### PROBLEM DETAILS
Retype exactly what appears below from the line containing "Vesta Kapriol Multipocket, albastra, masura" down to the line containing "楽天市場】【中古】 FITBOX LITE 第3世代フィットネスバイク FBX-001B", keeping both end lines. Do not include pictures.

### TASK INPUTS
-=-=-
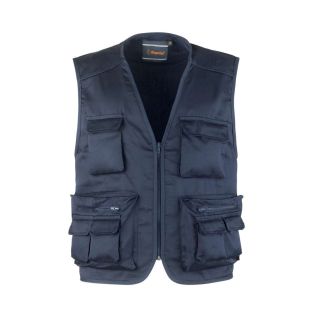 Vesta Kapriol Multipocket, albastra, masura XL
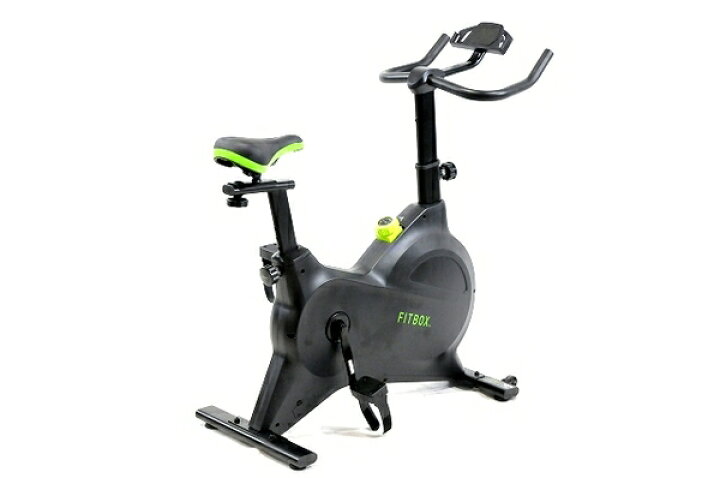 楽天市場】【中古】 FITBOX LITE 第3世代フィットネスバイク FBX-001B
-=-=-
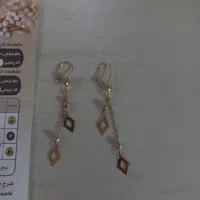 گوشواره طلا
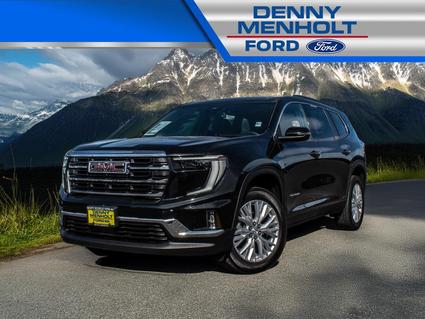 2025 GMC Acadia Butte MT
-=-=-
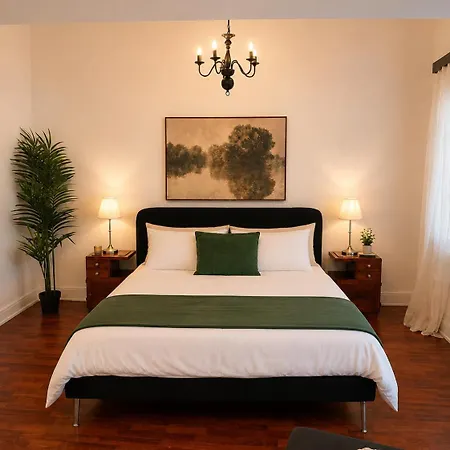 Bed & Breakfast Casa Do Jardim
-=-=-
### ANSWER TO THE EXERCISE
 Vesta Kapriol Multipocket, albastra, masura XL
 楽天市場】【中古】 FITBOX LITE 第3世代フィットネスバイク FBX-001B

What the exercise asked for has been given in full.